Even the most cynical politicians go into the trade with higher aspirations than to be the one who stopped this, that and the other. Nor is it “sexy” politics to put in a manifesto intended to appeal to voters. However, all the aspiring candidates need to be privately thinking about how they would prioritise and target the spending of budgets twenty, thirty or even forty percent smaller than they were expecting to have at their disposal, even if their preference would have been for the tax-and-spend variety of left-wing government. A lot of things would have to go, and it would be the unhappy lot of the next government to face the angry public and explain why.
As well as spending cuts, it would be essential to tax the surviving economic activity more heavily. The deservedly unpopular Goods and Services Tax, would have to remain, and even increase, for far longer than many have been hoping. There are alternatives, as matters stand, but in a shrinking economy they are likely to vanish.

All this means that a new regime taking power will have a high risk of meeting with a big disappointment. And, to make it worse, all except the most analytical of people will blame them for the shipwreck happening on their watch, instead of blaming the previous watch for fishing amongst the rocks on a falling tide.

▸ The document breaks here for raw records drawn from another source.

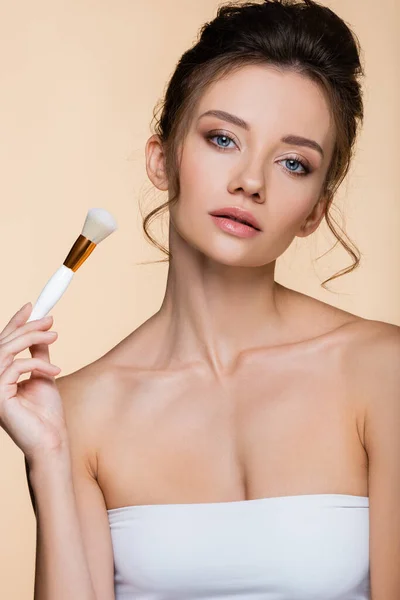 Model in white top holding cosmetic brush isolated on beige — Stock Photo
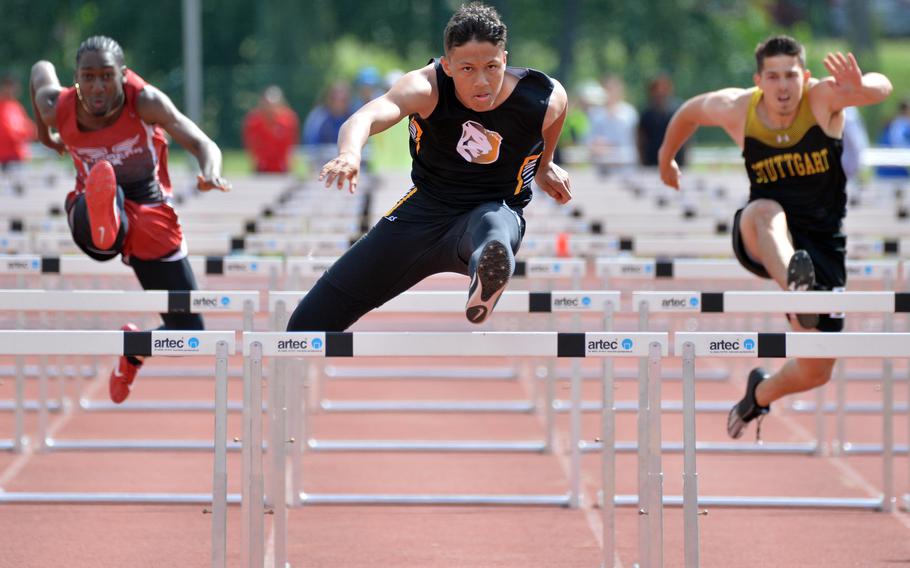 Vicenza’s Zach Denton won the boys 110-meter hurdle race in 15.39 seconds, at the DODEA-Europe track and field championships in Kaiserslautern, Germany. Second was Stuttgart’s Tyler Farrar, right, Kaiserslautern’s Jerrell Thomas, left, was third. 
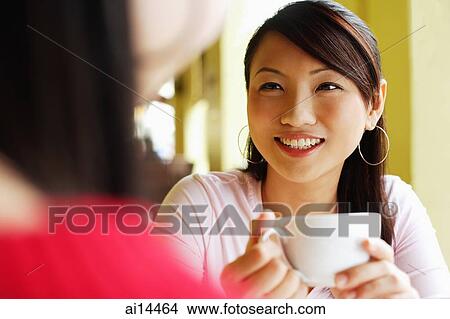 Young woman with cup in hand, smiling View Large Photo Image Picture - Young woman with cup in hand, smiling. Fotosearch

I am not saying that we do not need a change of government. I just think that there is an uncomfortably high chance that the task of a new one would be to manage catastrophe better than the present one would, instead of actually taking Jersey forward. I hope that those who will provide alternatives are preparing further alternatives to their first choice plans, in case the reassurances, that the global crash will somehow pass Jersey by, do prove to be unfounded.

Sunday, 5 October 2008

Too big a job for anyone?


Frank Walker has not been a great success as the first Chief Minister of the States of Jersey. He has managed to disappoint his natural constituency of hard-faced right-wingers, by his spineless inability to provide political direction to his civil servants, of whom some would be better described as civil masters, as well as disgusting everyone else with his cynical willingness to sell us all out. Fortunately, his term is almost at an end.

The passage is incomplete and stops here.